Would it be possible to write out each entry below exactly, without the pictures?

RECORD EXTRACTS:
=-=-=-=-=
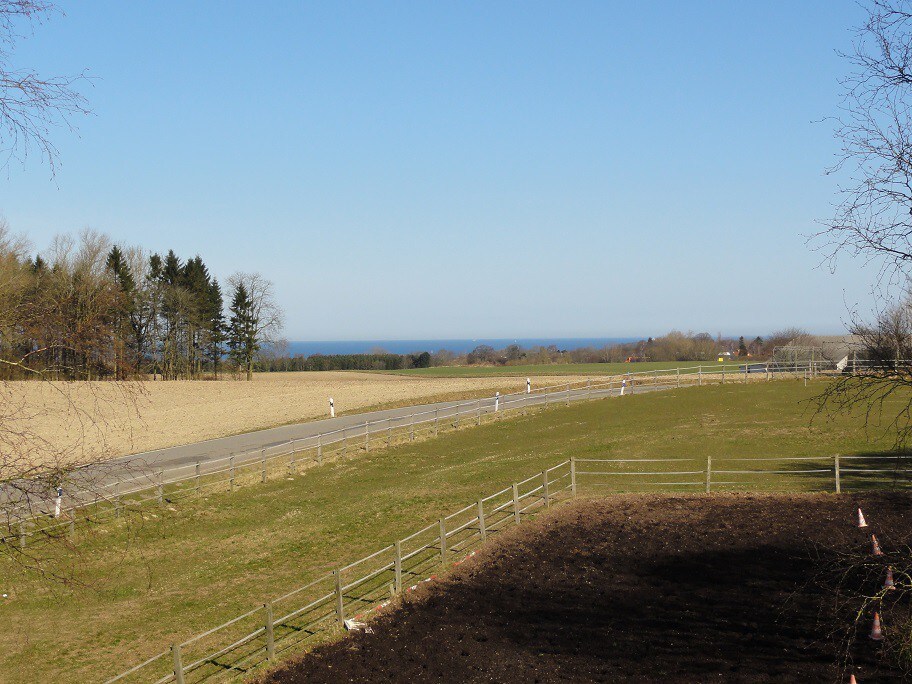 Strandgutzimmer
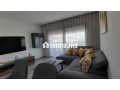 studio-jamais-habite-a-louer-finance-city-small-1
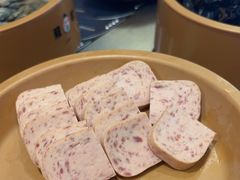 -龍歌自助小火锅(市南金茂湾店)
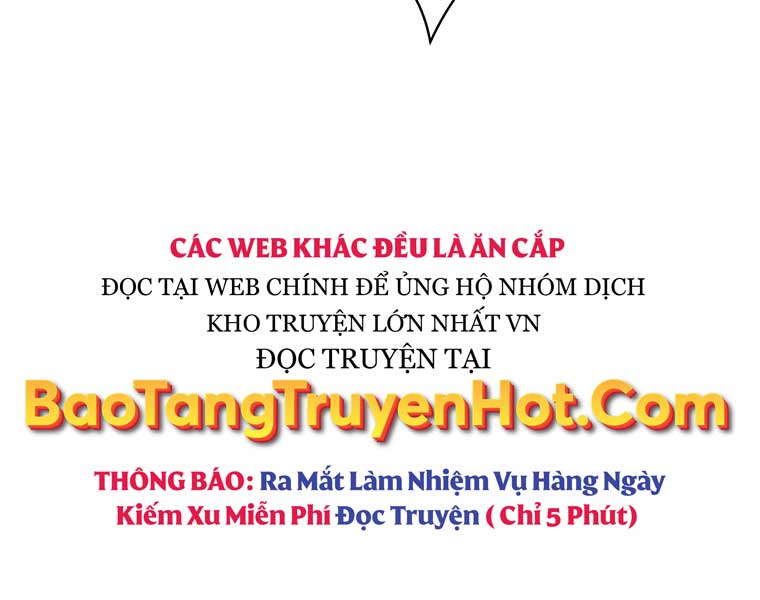 Võ Sĩ Hồi Hương Chương 5 Trang 194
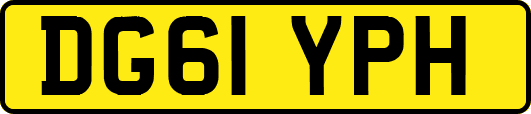DG61YPH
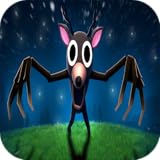 99 Nights in the Forest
=-=-=-=-=
ANSWER TO THIS TASK:
 Strandgutzimmer
 studio-jamais-habite-a-louer-finance-city-small-1
 -龍歌自助小火锅(市南金茂湾店)
 Võ Sĩ Hồi Hương Chương 5 Trang 194
DG61YPH
 99 Nights in the Forest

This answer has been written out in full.